Quote from: nate77 on December 10, 2014, 12:52:10 AM
I'm gonna hijack this for a sec (ever so slightly). Why DOES the klon sound so good? The ever present mythology and hype aside, I love the klon and it's derivatives. Was it design genius or luck, or potentially some mix of both? I know that many people don't really care for the klon, an is say a small percentage of that is simply because it is in fact, THE KLON. His seamingly foolish claims that the tears of God himself formed the particular diodes on the 8th day of creation and the odd component values are necessary to achieve klon-ness haven't helped his credibility at all (although may have padded his wallet a but more), but what gives? Design magic or lottery style luck?

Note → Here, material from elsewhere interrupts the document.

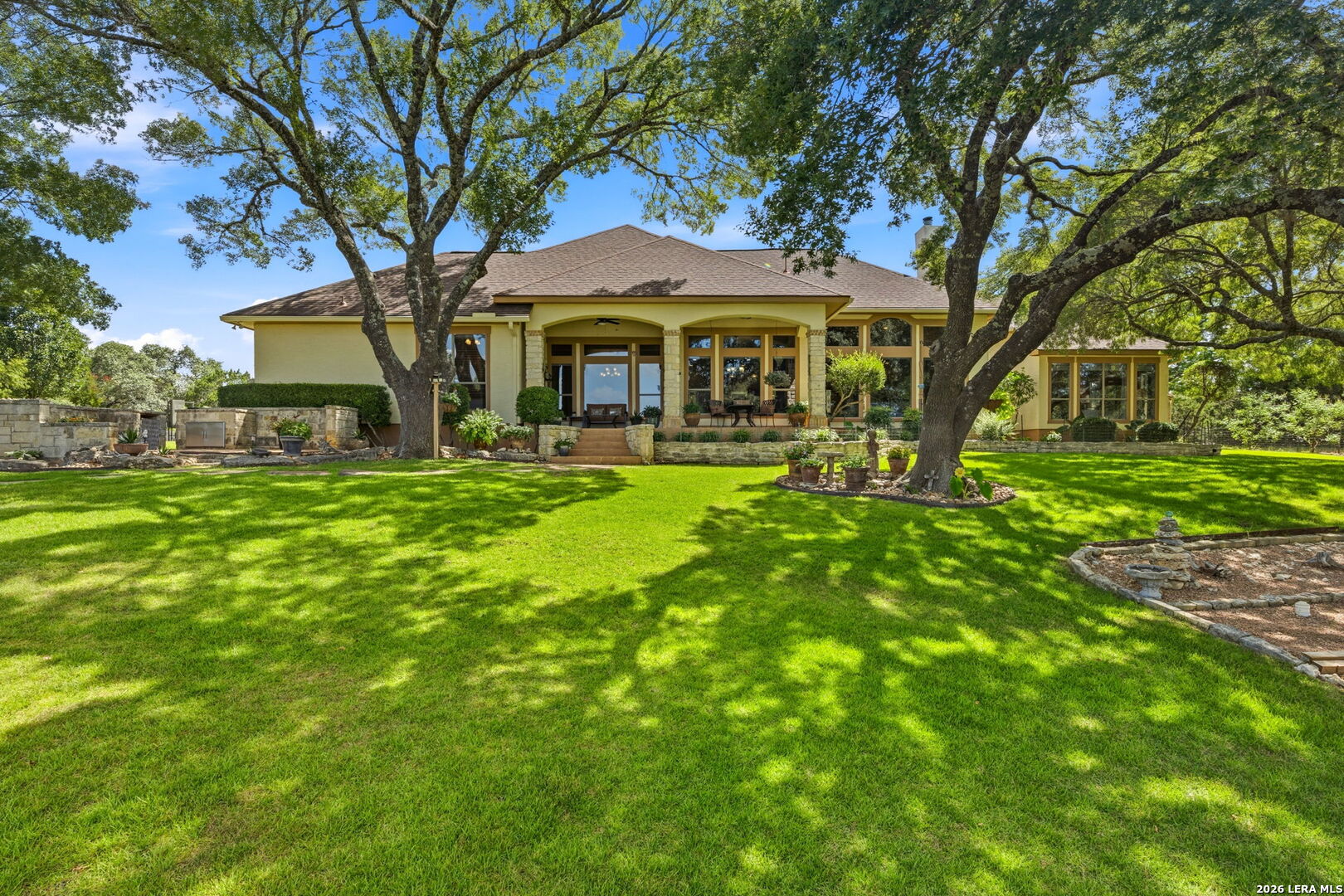 103 Driftwood Boerne TX 78006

The Klon sounds good for the same reason other circuits sound good. It's well tuned. The frequencies it filters or doesn't filter are frequencies that most people find pleasing. But it goes above and beyond typical overdrive circuits in that it's tuned specifically for pushing already pushed tubes. Bill took a circuit topology that his engineer collaborators came up with and auditioned components of different values until he got it sounding exactly how he wanted. That's why instead of the more typical 330k and 420k, we get values like 392k and 422k. He's never claimed the diodes were anything special. He just thought they were the best sounding choice for his circuit, and there is something to their uniqueness, though I can get very very close by hand-picking diode pairs from more standard germaniums. He also hasn't made a whole lot off the Klon-hype. It's the used Centaurs that go for crazy $$$, not the ones that were bought from Bill.
Nyt brenhin gwir, gwr y mae reit idaw dywedut 'y brenhin wyf i'.

FlyingZ

Swapping parts is easy leaving me to conclude what makes a great pedal is all in the circuit-board layout.

Tony Forestiere

Quote from: FlyingZ on December 11, 2014, 06:21:59 PM
...leaving me to conclude what makes a great pedal is all in the circuit-board layout.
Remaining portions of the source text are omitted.